Saturday 7 January 2006

t r u t h o u t - Philippe Gelie | The CIA's Dangerous Failures in Iran

The CIA's Dangerous Failures in Iran: "Watertight Zone around Bush

The Langley agency is not responding to the book's essence, contenting itself with denouncing its 'serious inaccuracies.' But it contains other embarrassing revelations. Bad handling by a communications official gave away the entire CIA network in Iran to an Iranian double agent, leading to the network's complete elimination. With regard to Iraq, about thirty immigrants to the US who were related to Saddam Hussein's engineers were mobilized, in September 2002, to visit their families and propose defection in exchange for information about weapons of mass destruction. All of them returned asserting that WMD programs had been abandoned since 1991. One month later, the CIA nonetheless produced a sales pitch to justify starting a war on account of the presence of biological and chemical weapons and 'the re-launching of Saddam's nuclear program.'

James Risen also relates how Afghanistan has returned to the status of 'Narco-State,' producer of 87% of the heroin produced in the world, under the indifferent noses of American soldiers and spies. And he explains how the ambiguity over the torture inflicted on certain prisoners of the war against terror was maintained by a watertight 'zone of confidentiality' around George W. Bush: the president has never signed anything and has never even been officially 'briefed' on the subject.
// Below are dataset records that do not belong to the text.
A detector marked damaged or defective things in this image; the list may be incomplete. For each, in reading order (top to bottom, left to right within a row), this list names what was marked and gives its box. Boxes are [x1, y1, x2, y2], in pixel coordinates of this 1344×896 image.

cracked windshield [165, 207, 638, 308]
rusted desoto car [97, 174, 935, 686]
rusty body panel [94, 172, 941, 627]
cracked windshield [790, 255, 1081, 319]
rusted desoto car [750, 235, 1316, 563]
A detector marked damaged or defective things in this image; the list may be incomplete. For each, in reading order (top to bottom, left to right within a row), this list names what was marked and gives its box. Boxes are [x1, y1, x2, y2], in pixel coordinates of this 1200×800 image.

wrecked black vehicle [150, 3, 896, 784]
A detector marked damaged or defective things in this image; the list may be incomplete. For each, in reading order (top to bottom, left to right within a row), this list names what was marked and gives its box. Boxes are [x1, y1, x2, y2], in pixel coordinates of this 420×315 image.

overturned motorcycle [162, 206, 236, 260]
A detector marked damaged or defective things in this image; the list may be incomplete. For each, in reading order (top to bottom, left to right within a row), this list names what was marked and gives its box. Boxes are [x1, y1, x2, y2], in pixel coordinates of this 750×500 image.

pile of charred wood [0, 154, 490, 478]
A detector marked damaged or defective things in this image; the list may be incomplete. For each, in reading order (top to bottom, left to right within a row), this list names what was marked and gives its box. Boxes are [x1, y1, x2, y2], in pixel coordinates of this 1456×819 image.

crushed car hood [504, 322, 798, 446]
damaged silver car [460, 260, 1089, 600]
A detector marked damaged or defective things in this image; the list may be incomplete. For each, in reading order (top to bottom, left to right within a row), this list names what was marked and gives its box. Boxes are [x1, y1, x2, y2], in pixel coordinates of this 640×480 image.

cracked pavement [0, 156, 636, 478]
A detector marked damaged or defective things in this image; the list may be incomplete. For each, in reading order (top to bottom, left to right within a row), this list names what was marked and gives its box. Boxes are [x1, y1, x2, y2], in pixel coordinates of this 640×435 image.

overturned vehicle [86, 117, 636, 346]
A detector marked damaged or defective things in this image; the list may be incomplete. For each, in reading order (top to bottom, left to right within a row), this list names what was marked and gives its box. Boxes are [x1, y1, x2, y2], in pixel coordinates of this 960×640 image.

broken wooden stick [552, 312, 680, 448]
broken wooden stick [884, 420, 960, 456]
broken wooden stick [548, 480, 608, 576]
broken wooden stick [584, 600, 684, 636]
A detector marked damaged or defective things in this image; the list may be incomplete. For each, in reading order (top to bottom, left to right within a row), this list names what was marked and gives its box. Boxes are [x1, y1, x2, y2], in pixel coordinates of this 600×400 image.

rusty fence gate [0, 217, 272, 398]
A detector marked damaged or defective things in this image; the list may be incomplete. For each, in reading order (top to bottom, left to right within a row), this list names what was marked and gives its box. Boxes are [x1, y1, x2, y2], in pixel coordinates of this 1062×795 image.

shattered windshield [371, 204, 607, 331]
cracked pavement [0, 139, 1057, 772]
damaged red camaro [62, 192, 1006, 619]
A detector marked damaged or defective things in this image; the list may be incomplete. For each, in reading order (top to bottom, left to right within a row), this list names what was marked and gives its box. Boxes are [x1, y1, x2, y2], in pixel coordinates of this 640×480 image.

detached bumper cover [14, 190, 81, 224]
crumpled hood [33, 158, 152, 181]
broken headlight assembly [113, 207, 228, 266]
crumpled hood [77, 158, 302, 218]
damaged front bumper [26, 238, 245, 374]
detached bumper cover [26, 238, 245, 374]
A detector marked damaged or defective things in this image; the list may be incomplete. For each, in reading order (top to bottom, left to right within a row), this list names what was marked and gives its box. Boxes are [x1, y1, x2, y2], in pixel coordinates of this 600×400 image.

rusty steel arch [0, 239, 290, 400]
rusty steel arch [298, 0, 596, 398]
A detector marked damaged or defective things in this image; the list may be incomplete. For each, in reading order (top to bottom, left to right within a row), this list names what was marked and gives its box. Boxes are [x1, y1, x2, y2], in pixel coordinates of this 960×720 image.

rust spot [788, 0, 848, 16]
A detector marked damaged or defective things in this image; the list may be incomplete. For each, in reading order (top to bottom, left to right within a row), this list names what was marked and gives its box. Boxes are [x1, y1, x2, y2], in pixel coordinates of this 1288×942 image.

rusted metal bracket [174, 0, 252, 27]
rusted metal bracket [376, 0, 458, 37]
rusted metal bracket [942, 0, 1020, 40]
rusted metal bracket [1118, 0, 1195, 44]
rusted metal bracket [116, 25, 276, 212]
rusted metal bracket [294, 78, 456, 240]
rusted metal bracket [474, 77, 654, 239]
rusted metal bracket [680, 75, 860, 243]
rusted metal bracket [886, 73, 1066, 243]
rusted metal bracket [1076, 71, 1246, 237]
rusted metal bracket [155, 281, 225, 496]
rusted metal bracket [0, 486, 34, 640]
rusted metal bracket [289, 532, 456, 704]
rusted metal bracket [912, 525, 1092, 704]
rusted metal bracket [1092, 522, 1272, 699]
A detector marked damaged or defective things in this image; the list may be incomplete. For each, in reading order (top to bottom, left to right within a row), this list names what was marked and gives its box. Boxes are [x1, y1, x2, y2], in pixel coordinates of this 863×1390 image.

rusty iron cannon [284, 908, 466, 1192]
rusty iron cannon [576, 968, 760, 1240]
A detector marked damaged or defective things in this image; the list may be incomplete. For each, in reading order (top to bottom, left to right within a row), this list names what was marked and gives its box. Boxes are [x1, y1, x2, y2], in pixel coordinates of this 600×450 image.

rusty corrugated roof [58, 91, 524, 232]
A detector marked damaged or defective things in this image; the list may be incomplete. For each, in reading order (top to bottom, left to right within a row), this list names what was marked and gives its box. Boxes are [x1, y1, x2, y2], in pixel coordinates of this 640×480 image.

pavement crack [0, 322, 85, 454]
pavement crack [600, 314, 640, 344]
He therefore retains plausible deniability."


The story is revealed in James Risen's book State of War, The Secret History of the CIA and the Bush Administration, (Free Press). It comes on top of the affair - already uncovered by the same reporter in the New York Times - of the NSA's warrantless eavesdropping and an embarrassing series of clarifications about what the CIA really knew about Saddam Hussein's arsenal before the Iraq invasion. What emerges is a charged portrait of an agency disoriented since the end of the Cold War that had not seen the September 11 attacks coming and which regularly trips over the carpet. "No other institution failed its mission so completely during the Bush administration," the author deems.

Operation "Merlin"

One of the most telling examples is an operation conducted in 2004 under the code name "Merlin." In the great tradition of the Keystone Cops, the CIA conceived a plan for transmitting ultra-sensitive documents to the Iranians by intentionally introducing an error that should lead them in the wrong direction, thereby causing them to lose time in their race for the atom bomb. To effect their plan, they turned to a former Russian defector, an atomic engineer in one of the most secret complexes of the Soviet era who had been paid $5,000 a month by the CIA for years to do nothing. The man had a reputation for being greedy for money and having a difficult personality, but the CIA decided to trust him.

Plans were handed over to him that allowed the construction of an atomic TBA 480 detonator system, "one of the best-guarded secrets in the world," James Risen declares. The problem: it took the naturalized Russian-American only a few minutes to see the flaw in it. That wasn't enough to stop the Operation Merlin geniuses: the man was sent to Vienna to "give or sell" his precious secret to the Iranian representatives at the International Atomic Energy Agency (IAEA), who were supposed to be fighting against proliferation ... He opted to make a gracious offer in line with a letter that warned his clients in covered language: "If you decide to make such a thing, you will have to pose some practical questions. No problem. You'll get the answers, but I expect to be paid for that."

The keen bloodhounds at the CIA had not imagined they would be double-crossed by someone more cunning than themselves. They had also not imagined that the Iranians would speedily discover the plan's defect and that by correcting it, they could make a precious leap towards producing the bomb. Teheran had already obtained secret documents from the head of the Pakistani atomic program, A.Q. Khan, and could no doubt compare those to the ones from the Russian defector. "[That] may have been one of the most reckless operations in the modern history of the CIA," Risen writes, "one that may have helped put nuclear weapons in the hands of a charter member of what President George W. Bush has called the 'axis of evil.'" Former IAEA Inspector David Albright wonders in the Los Angeles Times: "I don't quite understand the purpose of it, why you would want to hand something like this to the Iranians. It's unlikely to work."